-------- RAW DATA --------

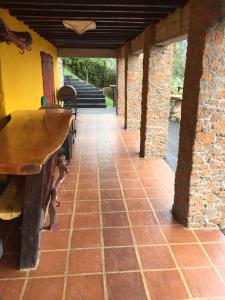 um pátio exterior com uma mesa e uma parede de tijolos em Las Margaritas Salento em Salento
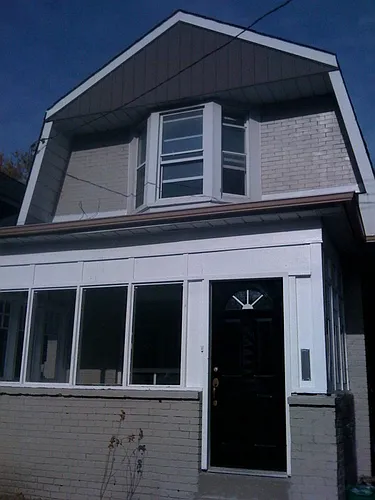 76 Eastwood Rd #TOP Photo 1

--------
-------- RAW DATA --------

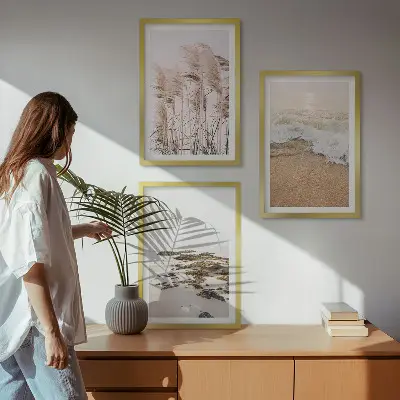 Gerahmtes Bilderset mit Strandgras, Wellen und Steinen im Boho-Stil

--------
-------- RAW DATA --------

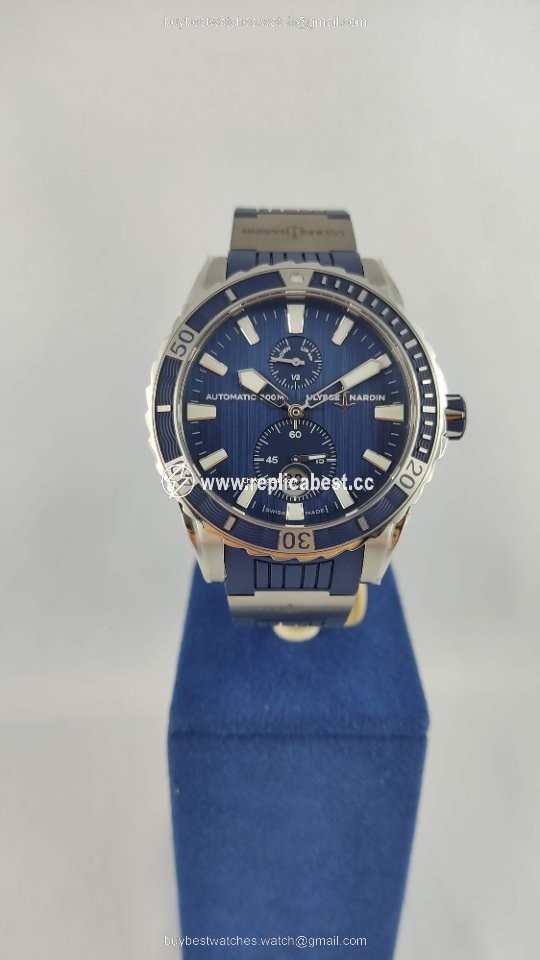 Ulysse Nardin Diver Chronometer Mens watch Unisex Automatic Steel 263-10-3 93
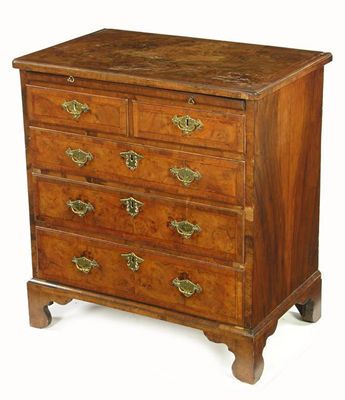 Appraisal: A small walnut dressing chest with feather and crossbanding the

--------

## WORK ORDER
Every line above in the stretch from the one with "um pátio exterior" through the one with "76 Eastwood Rd #TOP Photo 1" is to be transcribed exactly, ends included. No picture is copied.

## RESULT BELOW
 um pátio exterior com uma mesa e uma parede de tijolos em Las Margaritas Salento em Salento
 76 Eastwood Rd #TOP Photo 1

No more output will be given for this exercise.